Les exportations canadiennes sont concentrées dans des marchés à faible croissance, comme les États-Unis, a-t-il ajouté.

«L'un des messages que la banque cherche à transmettre est qu'on peut s'attendre à ce que ces économies demeurent à faible croissance pendant un certain temps», a déclaré M. Carney.

Les données sur la croissance économique projetée ont été rendues publiques mardi, alors que la Banque du Canada annonçait le maintien de son taux cible du financement à un jour à un pour cent.

Le rapport de mercredi ajoute de la viande autour de l'os, montrant à quel point l'année en cours sera décevante. La banque affirme que chacun des quatre prochains trimestres sera plus faible que ce qu'elle avait prédit dans son précédent énoncé, en avril.

En ce qui a trait au deuxième trimestre terminé en juin, dont les résultats officiels ne sont pas encore connus, la Banque du Canada croit que l'économie a probablement progressé de seulement 1,8 pour cent, soit sept dixièmes de point de moins que ce qu'elle avait prévu en avril. Les trois trimestres suivants devraient aussi produire des résultats modérés de 2,0, 2,3 et 2,3 pour cent, a-t-elle indiqué.

La banque ne fait pas de prévision quant à l'emploi, mais ses projections de croissance laissent croire que la création d'emplois sera modeste d'ici à la fin de l'année.

«Par conséquent, l'économie canadienne devrait continuer d'afficher une faible marge de capacités inutilisées un peu plus longtemps que prévu antérieurement», a-t-elle écrit dans son rapport.

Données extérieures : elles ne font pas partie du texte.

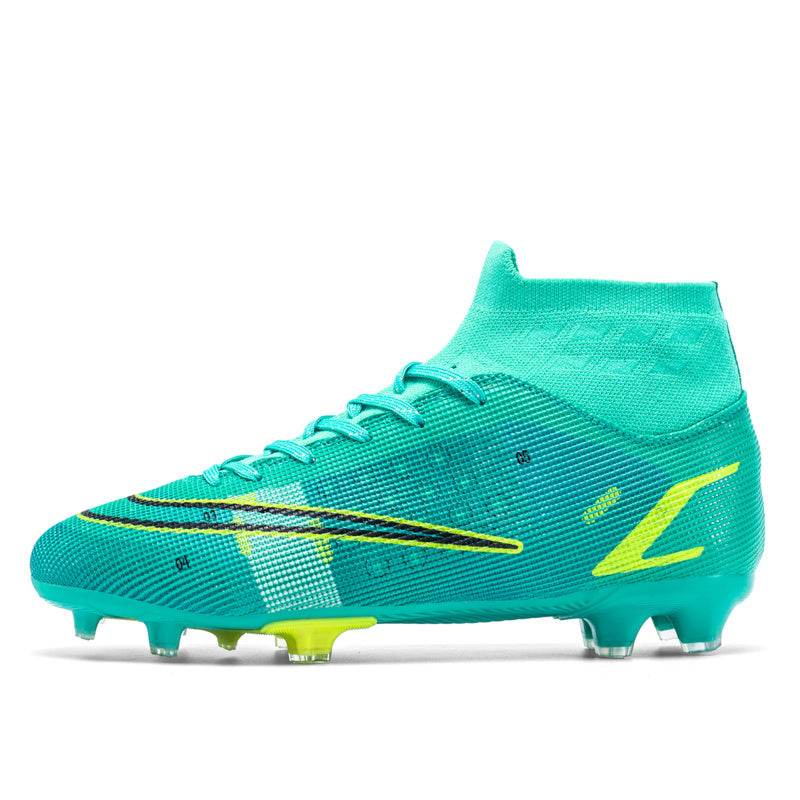 Football Boots Men's High Top AG Spike Artificial Turf Green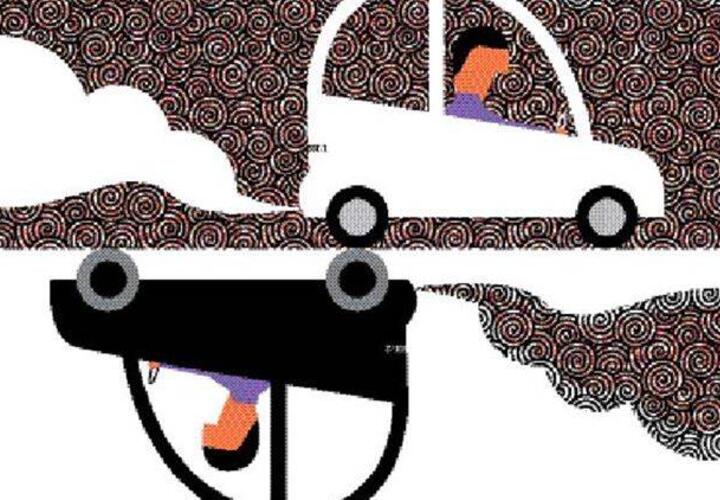 Illustration of cars and pollution.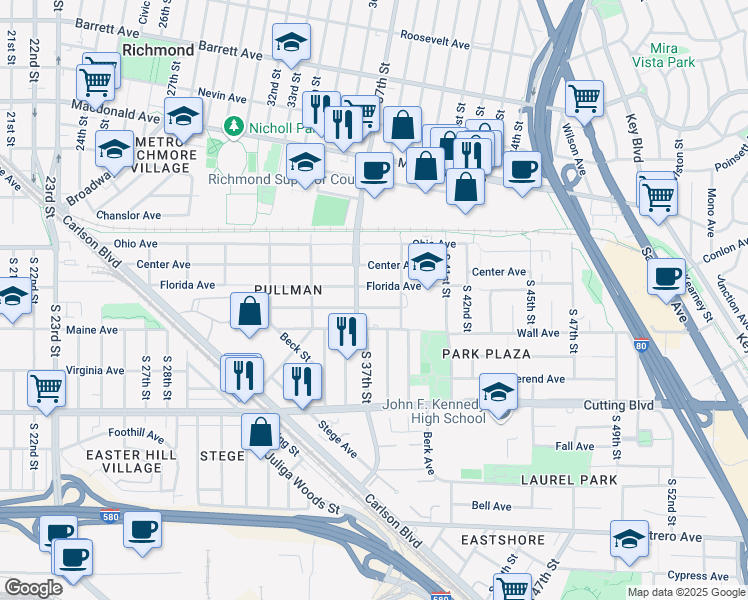map of restaurants, bars, coffee shops, grocery stores, and more near 3727 Waller Avenue in Richmond
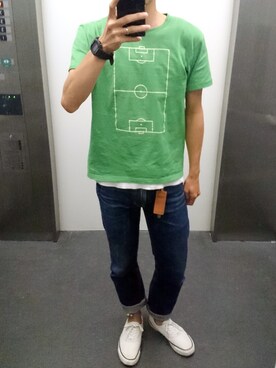 「サッカー」｜「アイテム（アナログ腕時計）」を使った、AKIRAKUBOTAさん（メンズ・171cm）の夏コーディネート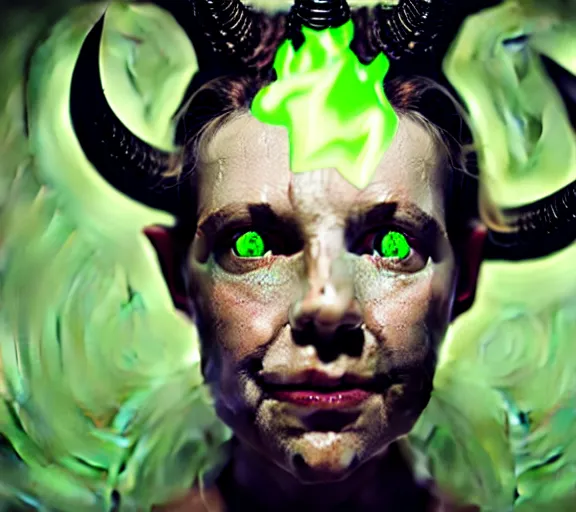 Image similar to portrait of a woman with horns made of flames and glowing green eyes, in the wisps of thick smoke, looking into the camera, studio photography, studio lighting, realistic render, octane render, 4 k, 8 k, face in focus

Par secteur, la banque s'attend à ce que les investissements des entreprises et les dépenses des ménages, soutenus par de très faibles taux d'intérêt, demeurent les principaux moteurs de la reprise.

Néanmoins, les uns et les autres contribueront moins que prévu à la croissance.

Par ailleurs, le secteur résidentiel est en train de ralentir en raison des mesures adoptées par le gouvernement afin de resserrer les règles sur les prêts hypothécaires, tandis que les mesures d'austérité des gouvernements agissent comme un frein sur la croissance et que les exportations demeurent timides.

La Banque du Canada voit la performance du Canada au chapitre des exportations comme peut-être l'élément clé de sa faible performance économique.

La part du Canada dans le marché mondial des exportations de biens a sensiblement diminué ces dernières années, étant passée d'un sommet de 4,5 pour cent en 2000 à 2,7 pour cent en 2010, a d'ailleurs fait remarquer la banque, ajoutant que les exportations dans leur ensemble n'avaient toujours pas retrouvé leur niveau d'avant la récession.